Puis l’Euro commence. La France sort non sans peine première du groupe de la mort composé de l’Allemagne, du Portugal et de la Hongrie. Même après cette phase de groupe poussive lors de laquelle les Bleus alternent entre fulgurances et lacunes, le climat semble serein. En même temps, les joueurs de DD héritent de la Suisse en 1/8 de finales. L’aubaine.

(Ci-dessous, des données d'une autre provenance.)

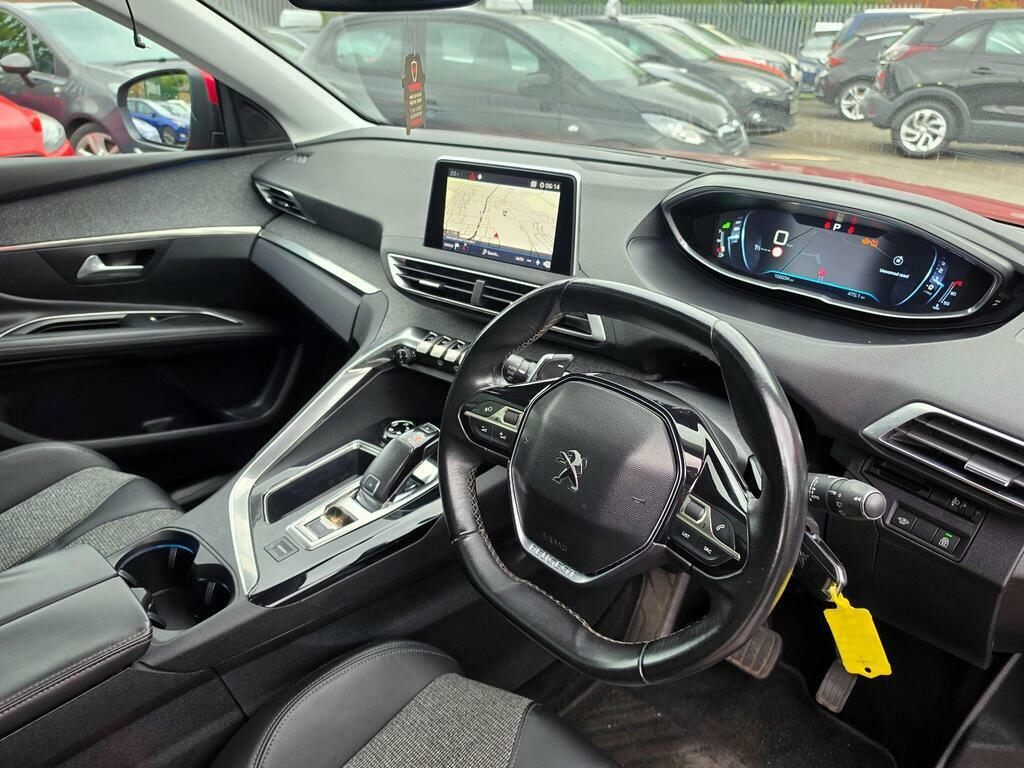 Peugeot 3008 Bluehdi Ss Gt Line Grey #8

Nous avons donc d’un côté la France, championne du monde propulsée par sa GMB. De l’autre, la Suisse qui n’a pas gagné un match à élimination directe en compétition internationale depuis 1938 et dont le meilleur joueur est tennisman. Rien ne peut arriver aux Bleus. La FFL déplie donc sa plus belle chaise longue et place un sachet de popcorn au micro-ondes. C’est parti.

Acte 2 : L’espoir

La première pierre à l’édifice est posée 1 heure avant le coup d’envoi. Didier Deschamps, qui a vraisemblablement perdu un pari dans les vestiaires, aligne une composition dont l’efficacité et la durée de vie ne seront probablement jamais battues :

Le match est lancé et rapidement, ce France-Suisse prend des allures de Coupe Davis 2014. 15e minute, Haris Seferovic s’élève dans les airs et se détache du marquage en chat-bite de Lenglet pour venir croiser sa tête et donner l’avantage aux siens. La Suisse a beau avoir donné naissance à l’Emmental, c’est bien la France qui est pleine de trous. Le 3-5-2 de DD vit déjà ses derniers instants.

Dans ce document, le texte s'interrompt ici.